On Dec. 1, 2012, the American Psychiatric Association (APA) announced that its Board of Trustees approved the fifth edition of the Diagnostic and Statistical Manual of Mental Disorders (DSM-5). Some of the proposed changes in this revision — the first since 1994 — have generated heated controversy on the part of medical professionals, as well as patients and consumers. Below, David Kupfer, MD, Thomas Detre Professor of Psychiatry and professor of Neuroscience and Clinical and Translational Science at the University of Pittsburgh School of Medicine, and chair of the DSM-5 Task Force, offers insight into some of the most controversial issues.

These issues include:

  • Removal of the “bereavement exclusion” in the major depression section — patients may be called clinically depressed sooner than two months, although the criteria will include advice to clinicians about distinguishing normal grief from depression that should be treated.
  • Addition of “disruptive mood dysregulation disorder” diagnosis for children >6 years old who show frequent bursts of anger along with chronic irritability.
  • Collapse a number of autism-related conditions treated as separate disorders in DSM-IV into a single “autism spectrum disorder” category

In general, what did the committee hope to achieve with the DSM-5 revisions?
The overarching goal of the DSM-5 revision has been to take into account the scientific and clinical advances that have been made over the past 20 years since the last revision. The aim has been to, wherever possible, make appropriate changes in criteria and establish new diagnoses that would make the DSM more useful to clinicians and the patients they serve.

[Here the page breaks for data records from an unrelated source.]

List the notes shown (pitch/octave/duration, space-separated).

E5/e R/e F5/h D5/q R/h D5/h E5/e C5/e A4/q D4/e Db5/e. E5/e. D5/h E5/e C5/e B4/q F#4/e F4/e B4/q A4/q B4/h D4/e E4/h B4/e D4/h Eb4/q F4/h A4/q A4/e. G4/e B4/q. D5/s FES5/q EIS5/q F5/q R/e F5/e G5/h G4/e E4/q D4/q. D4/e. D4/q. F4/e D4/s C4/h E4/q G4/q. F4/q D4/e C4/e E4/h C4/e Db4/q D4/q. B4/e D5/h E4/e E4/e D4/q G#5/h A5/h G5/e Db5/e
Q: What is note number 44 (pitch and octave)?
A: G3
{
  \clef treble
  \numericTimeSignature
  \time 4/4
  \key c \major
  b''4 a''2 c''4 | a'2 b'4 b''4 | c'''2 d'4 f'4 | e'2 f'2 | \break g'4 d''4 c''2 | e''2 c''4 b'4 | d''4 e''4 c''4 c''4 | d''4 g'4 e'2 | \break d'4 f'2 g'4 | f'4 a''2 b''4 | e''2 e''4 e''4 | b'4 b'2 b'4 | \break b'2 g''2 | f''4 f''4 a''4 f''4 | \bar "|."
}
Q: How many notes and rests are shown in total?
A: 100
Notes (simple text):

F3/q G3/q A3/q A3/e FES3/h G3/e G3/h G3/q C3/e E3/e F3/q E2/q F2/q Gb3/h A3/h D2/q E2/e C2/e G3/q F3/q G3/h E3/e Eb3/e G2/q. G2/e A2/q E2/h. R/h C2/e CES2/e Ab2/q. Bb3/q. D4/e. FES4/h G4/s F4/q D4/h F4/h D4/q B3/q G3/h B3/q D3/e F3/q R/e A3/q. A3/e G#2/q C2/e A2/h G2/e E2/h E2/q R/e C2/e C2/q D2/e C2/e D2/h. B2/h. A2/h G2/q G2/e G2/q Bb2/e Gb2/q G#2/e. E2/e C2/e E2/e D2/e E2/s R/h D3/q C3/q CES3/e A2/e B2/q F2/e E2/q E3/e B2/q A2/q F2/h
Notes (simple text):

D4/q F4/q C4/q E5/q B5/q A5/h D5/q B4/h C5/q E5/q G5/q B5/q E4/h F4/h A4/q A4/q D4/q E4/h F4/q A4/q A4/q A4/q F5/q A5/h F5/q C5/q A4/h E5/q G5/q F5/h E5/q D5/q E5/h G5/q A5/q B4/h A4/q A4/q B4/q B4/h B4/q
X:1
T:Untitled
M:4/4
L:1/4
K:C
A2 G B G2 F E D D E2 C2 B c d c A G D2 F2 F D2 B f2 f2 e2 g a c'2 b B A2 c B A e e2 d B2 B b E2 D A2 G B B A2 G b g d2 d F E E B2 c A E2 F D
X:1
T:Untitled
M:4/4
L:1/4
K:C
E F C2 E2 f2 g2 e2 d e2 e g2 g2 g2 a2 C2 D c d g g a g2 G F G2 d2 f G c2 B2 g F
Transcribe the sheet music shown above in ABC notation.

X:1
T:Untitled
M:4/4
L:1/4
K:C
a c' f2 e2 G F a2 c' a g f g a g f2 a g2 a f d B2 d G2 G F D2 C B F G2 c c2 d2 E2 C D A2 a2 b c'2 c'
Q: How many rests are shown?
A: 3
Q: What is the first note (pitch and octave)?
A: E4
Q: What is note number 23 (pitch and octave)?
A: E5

Please comment on the removal of the “bereavement exclusion.” What was the rationale for this, given that clinicians are going to be given specific advice about how to distinguish normal grief from depression?
As part of the ongoing study of major depression, the bereavement exclusion has been removed from DSM. This deletion from DSM-IV will be replaced by notes in the criteria and text that caution clinicians to differentiate between normal grieving associated with a significant loss and a diagnosis of a mental disorder. We reviewed the literature and had a number of advisors go over the available research to help inform this decision.We made this change because it is very important that clinicians have an opportunity to make sure that patients and their families receive the appropriate diagnosis and the correct intervention without necessarily being constrained by a period of time. In the same sense, it is important to realize that we have provided several notes in the manual to make sure that it is understood that sadness, grief, and bereavement are not things that have a time limitation to them. It is not something that goes away within two or three months. The changes encourage clinicians to assess clients on a case by case basis, without limiting them by an arbitrary period of time.